A group of largely Irish travellers had parked their caravans here on the derelict streets. Back in those days kids would often come up to photographers on the streets and say ‘Take me picture Mister‘ whenever you photographed in areas like this, and in those days the main concern was the cost of the film. O’Brien realised the opportunity, got to know the families involved and gained their confidence, in part by giving them Polaroids of their kids, and over a period of around 3 weeks he went back and took more portraits, building up a great series of images of the children, largely posed images against a particular short stretch of the wall of a building. Then one day he went back and the caravans and children were gone and his project was at an end.

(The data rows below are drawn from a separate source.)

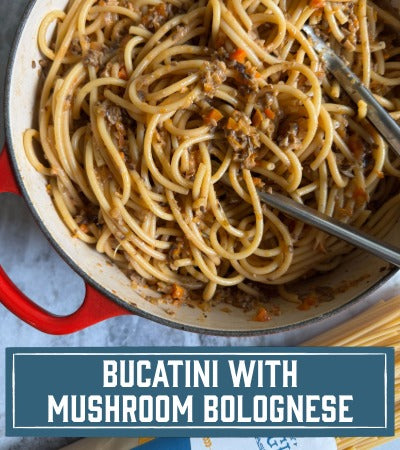 Sfoglini Pasta Recipe: Bucatini with Mushroom Bolognese. Long noodles in a red pot with sauce.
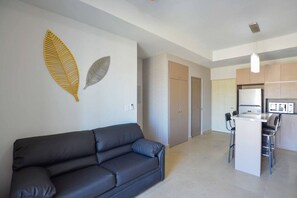 Un salon moderne avec un canapé, un coin cuisine comprenant une table et des chaises, et un couloir menant à une porte.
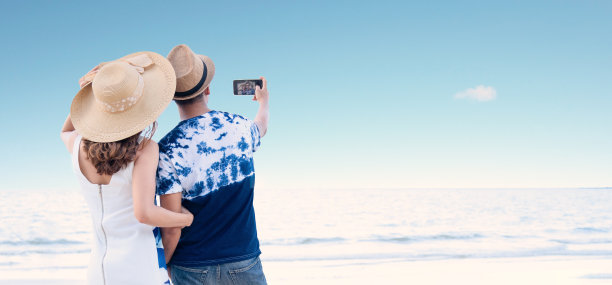 一对快乐的小情侣在海滩自拍。蜜月夫妇浪漫的爱情在海滩日落。在海边散步。一对年轻情侣在海滩上用智能手机自拍。图片下载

You can see some of these pictures on O’Brien’s web site – or at the Independent – along with much of his other work, but the book ‘Travellers’ Children in London Fields‘ ISBN 978-0-9576569-0-1 presents a good collection of them (you can get a signed copy from Spitalfields Life), where you can also see some fine images that there wasn’t space for in the book, as well as several other posts about this and other work by O’Brien, from his first pictures taken as a young boy outside his Clerkenwell home in 1948 with a box camera to recent work, a remarkable 65 years of photography.

The book is a fine start to Spitalfields Life Books as a publisher, and look forward to seeing further volumes from them. It’s a nicely designed small book edited by ‘The Gentle Author‘ of Spitalfields Life and printed locally at The Aldgate Press, and at the reasonable price of only £10.

The book launch was at the E5 Bakehouse in the arches underneath London Fields Station, only 50 yards from where the pictures were taken, and there were a number of the travellers who were photographed 26 years ago along with others from the family at the event. After we had finished the barrel of another local product, Trumans Beer (from the new Truman’s brewery in Hackney Wick), and Colin had made his speech, he led us the short walk to the wall where he had made these images.

I hadn’t gone to the event with the intention of taking photographs, but I seldom go further than the local shops without a camera, and I’d taken a few pictures on my way to the event. I wasn’t entirely happy with the performance of the Fuji X-E1, which didn’t always want to take pictures when I wanted it too, and despite some published reviews and tests, the image quality in relatively low light does not seem in the same league as the Nikons.

I’ll put some more images from the event into my photographic diary, My London Diary, in due course.